Here Dan notes that having an in/out tagged makes it hard to spot what changes are breaking, changes to the type are no longer "local" and require knowledge of the entire type system to determine if they are breaking or not.

Others have also made similar points.

The general consensus seems to be that we can solve this by marking tagged as input/output at design time so we can never get into this situation. Most everyone further seems to agree that there's little need for an input-output tagged that can only contain scalars, enums, and other input-output taggeds; and I agree. I'm happy to edit the spec to reflect this (though I'd like to discuss the specific SDL syntax for this) and it ties in nicely with my isOutputType / isInputType introspection additions proposal.

One wild idea to explore to address these "transmutability" concerns is to be explicit about whether a type is intended to be used in the input, output, or both domains, rather than this be implicit based on crawling the member types. -- @leebyron https://github.com/graphql/graphql-spec/pull/733#issuecomment-671597237

Solution:

tagged input Foo {
  str: String!
  int: Int!
}
tagged output Foo {
  str: String!
  int: Int!
}
# No "shared" tagged, at least not currently; we could always add one later.

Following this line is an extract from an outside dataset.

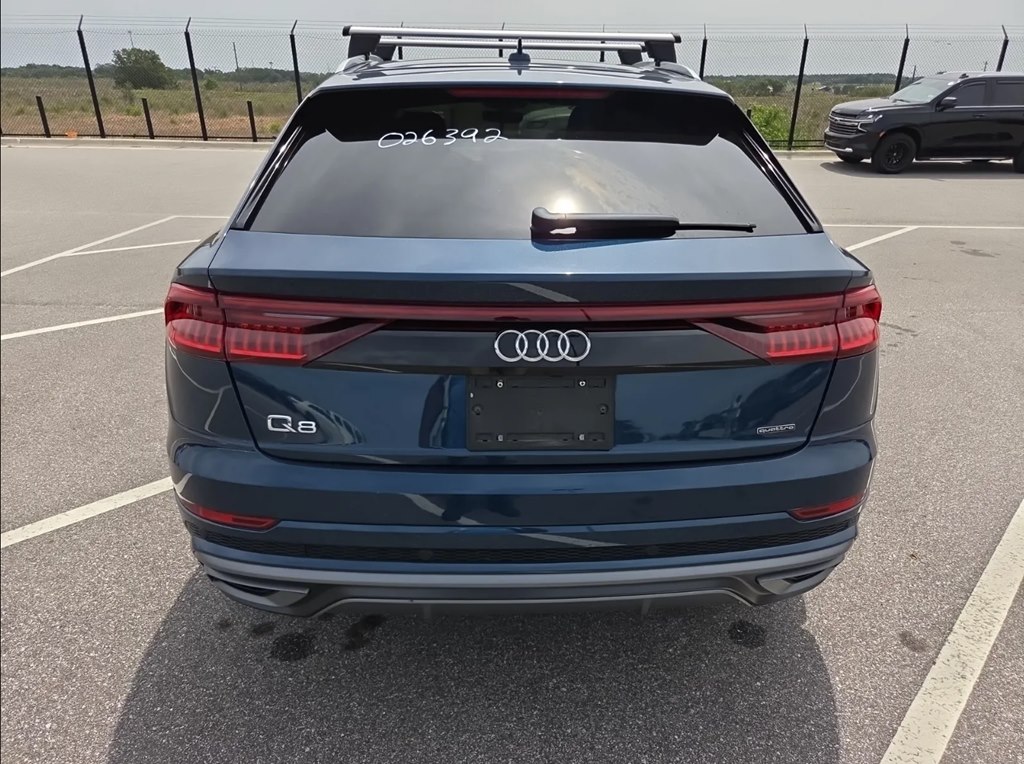 Photo 5 of this AUDI Q8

(I'm quite tempted to use tagged type rather than tagged output to align with the current input/type keywords.)

Why include tagged output?

It seems (not unexpectedly) that the most controversial part of this RFC is whether tagged types should be allowed in the output schema. To help address this, I thought it would be worthwhile outlining a few reasons why we might want to include tagged in the output schema.

Scalar "unions"

@stubailo proposed allowing unions of Int/String in #215 and it has over a hundred :+1:s and a decent number of replies. Tagged outputs can be used to solve the issue of having a field return one of many different scalar types, and in fact can solve most of the other issues raised in that thread.

This "union of scalars" power is really just a subset of:

"Unions" of all output types (including wrapper types)

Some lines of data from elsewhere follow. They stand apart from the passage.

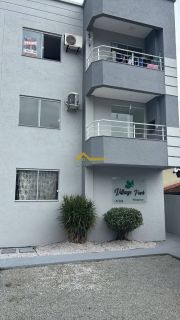 Apartamento com linda vista panorâmica e sacada com churrasqueira .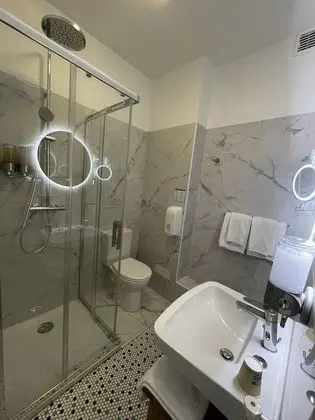 Tek Büyük Yataklı Oda, 1 Çift Kişilik Yatak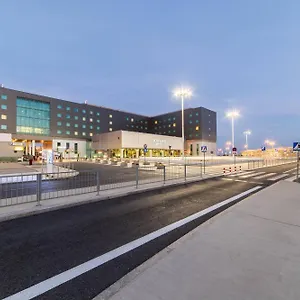 4* Отель Courtyard By Marriott Airport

tagged brings “unions” of objects, unions, interfaces, scalars, enums and lists to the output schema, whereas GraphQLUnion only allows for objects -- @benjie https://github.com/graphql/graphql-spec/pull/733#issuecomment-670357999

The fact that this solves the "output union contains scalar" problem is indeed a nice feature, and makes the case for including these in the output type system. @dschafer https://github.com/graphql/graphql-spec/pull/733#issuecomment-670585811

Whereas the union type can only include object types as members, tagged outputs support:

  • object types
  • union types
  • interface types
  • tagged output types
  • scalars
  • enums
  • lists (or other wrapper types) of any of the above

The ability of tagged outputs to bring this flexibility to the output schema is particularly relevant to polymorphic data sources such as MongoDB, ElasticSearch, Apache Avro, anything based on JSON, and more where the same field could return different data types for different records. This kind of polymorphic interface is even seen in popular REST APIs such as Stripe's.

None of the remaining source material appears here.